LONDON (Reuters) - British budget airline easyJet (EZJ.L) underlined its growing advantage over struggling Irish rival Ryanair (RYA.I) on Tuesday, reporting annual profit at the top end of forecasts and returning cash to shareholders.
The Luton, southern England-based firm said on Tuesday it made a pretax profit of 478 million pounds for the year to the end of September, up 51 percent and at the upper end of its forecast for 470-480 million pounds profit, provided last month. Sales rose 10.5 percent to 4.26 billion pounds.
The airline also said it plans to return 175 million pounds to shareholders through a special dividend “as evidence of our continued confidence in the future prospects of the business” said Chief Executive Carolyn McCall.
The upbeat assessment is in contrast to that given by Ryanair, Europe’s biggest budget airline, which this month cut its annual profit target for the second time in two months and admitted it needed to improve customer service.
Rival airlines have been struggling with high fuel costs and weak consumer confidence, sending some smaller carriers out of business while the likes of British Airways owner IAG (ICAG.L) and Air France-KLM (AIRF.PA) have cut routes, leaving gaps that low-cost airlines have been quick to exploit.
Over the last three years easyJet has added flights on routes where rivals have cut back, and introduced more flights between top business destinations. It has also added flexible ticketing to allow passengers to change their flight up to two hours before scheduled departure time, and allocated seating in an attempt to steal corporate customers.
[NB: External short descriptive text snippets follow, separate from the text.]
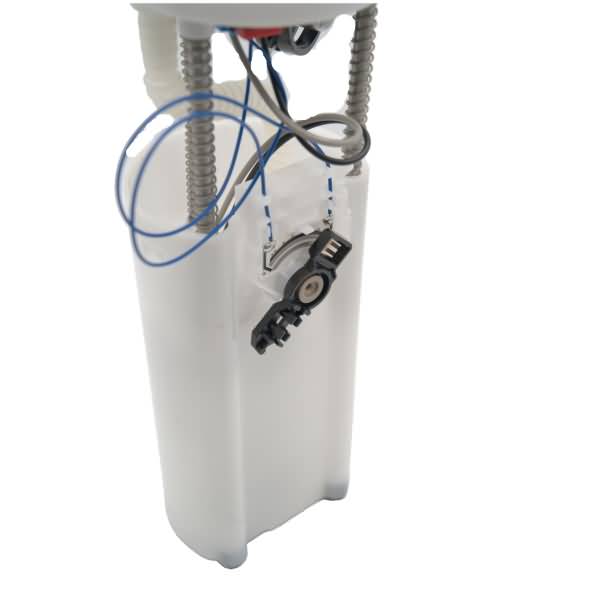 Autobest High Performance Fuel Pump Module Assembly HP2379A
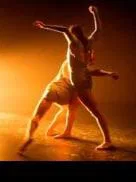 Debut del Dansgroep Amsterdam en Berlín                                                                    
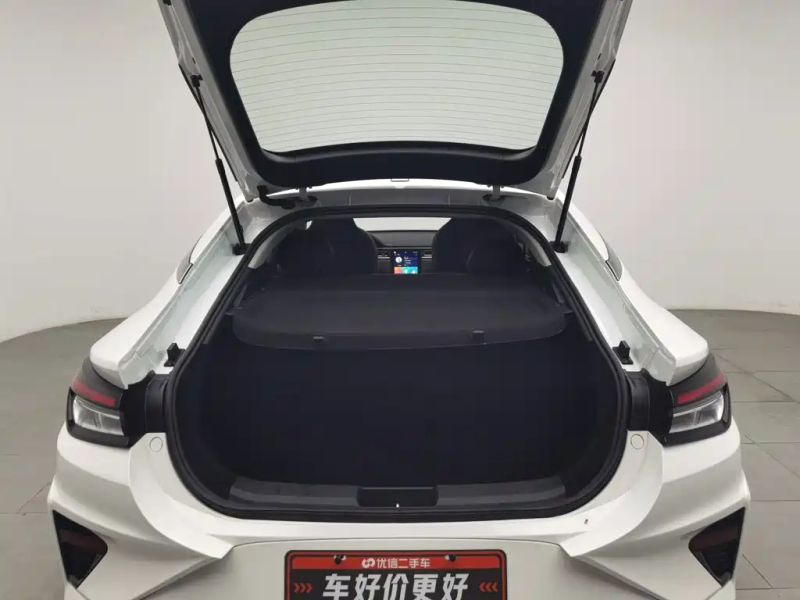huaxianzi e50a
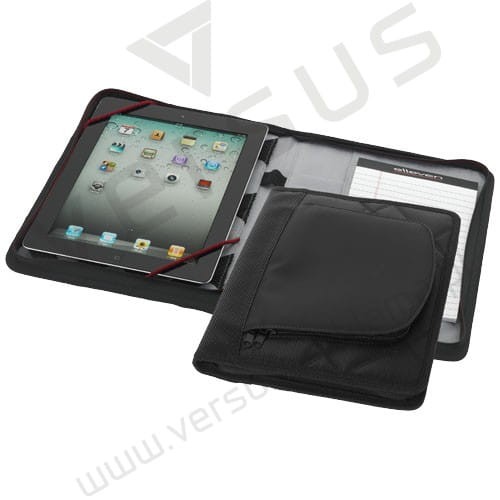 Etui na iPad z notesem ODYSSEY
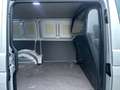 Volkswagen T6 Transporter T6.1 Transporter 2.0 TDI Komfort + 4Motion DSG Silber - thumbnail 29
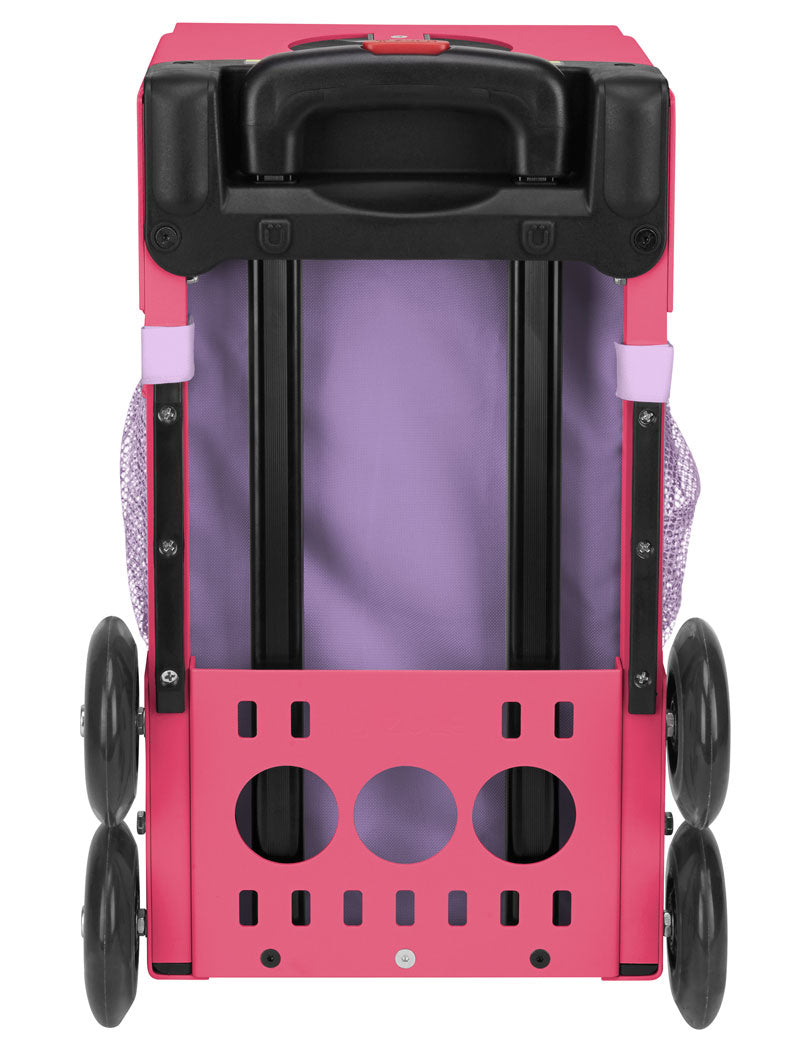 ZÜCA Unicorn 2 Sport Rolling Bag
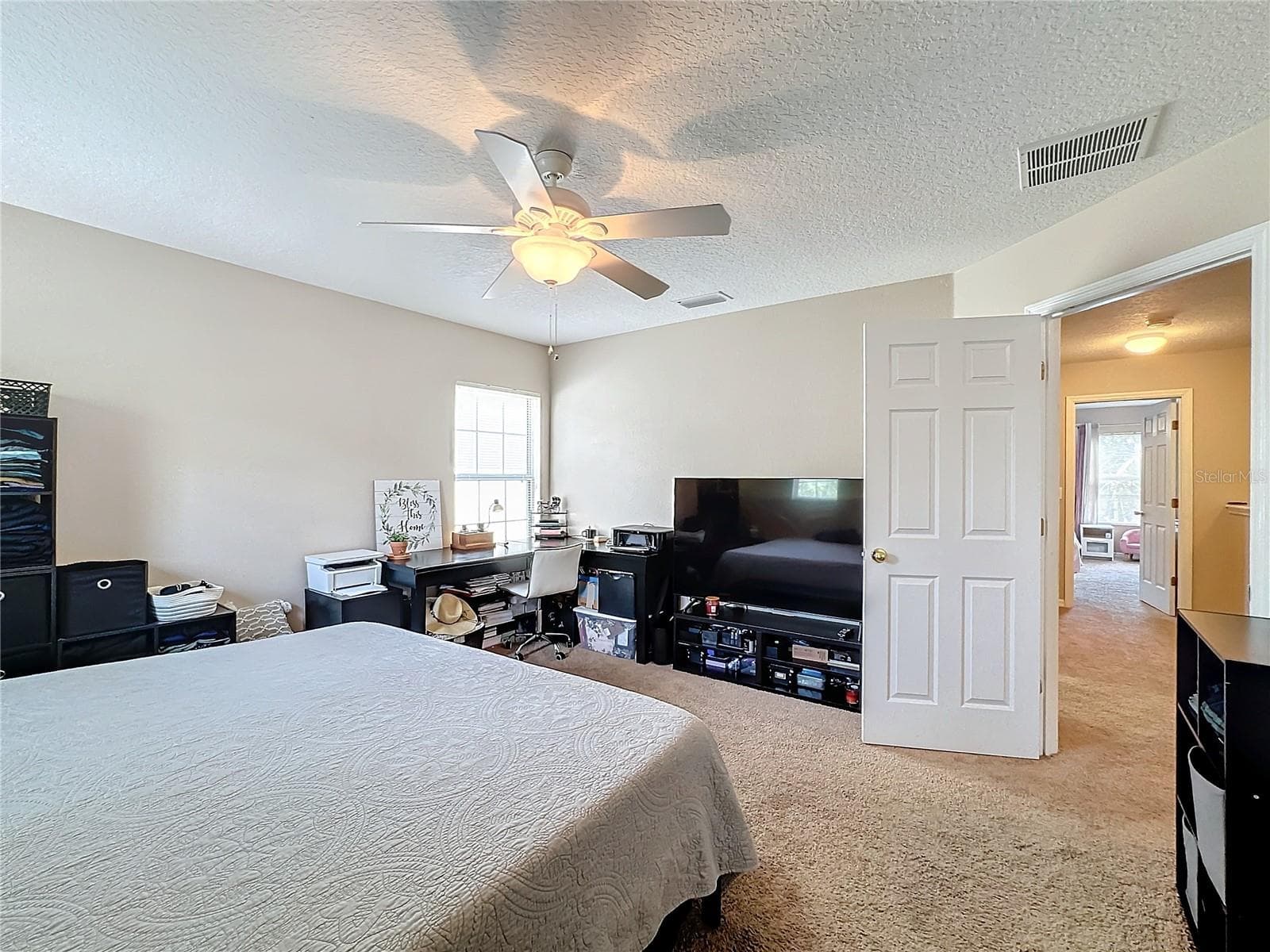 Single Family Residence at 6312 MAGNOLIA TRAILS LN, GIBSONTON, photo 32 of 65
EasyJet proposed a full year dividend of 33.5 pence a share, 55.6 percent up on last year, and a special dividend of 44.1 pence per share, making a total payout to investors of 308 million pounds.
It said forward bookings were in line with last year but that its first quarter would be impacted by tough year-on-year comparisons due to strong post-Olympics demand in the UK and travel restrictions to Egypt.
However, easyJet still expects to grow capacity, measured in seats flown, by 5 percent in the coming year.